Copy the data that appears below exactly. Drop the pictures.

(Provided material Opens)

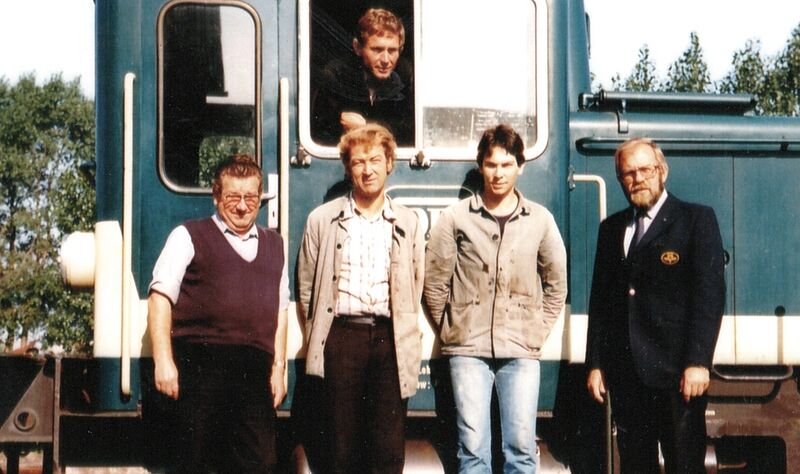 Datei:Manfred Janke,Klaus Schuldt etc.jpg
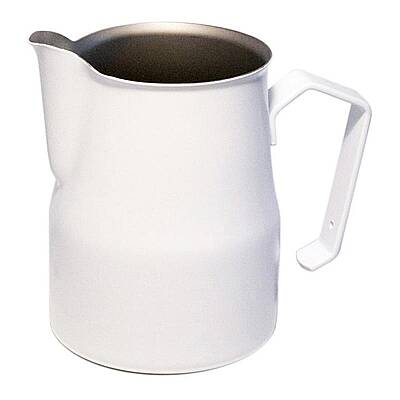 Motta Bianca Süt Potu, Pitcher, 500 Ml, 2450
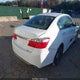 1HGCR2F37FA119474 2015 Honda Accord Lx auction photo thumbnail 4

(Provided material Closes)

▶ _Written answer_
 Datei:Manfred Janke,Klaus Schuldt etc.jpg
 Motta Bianca Süt Potu, Pitcher, 500 Ml, 2450
 1HGCR2F37FA119474 2015 Honda Accord Lx auction photo thumbnail 4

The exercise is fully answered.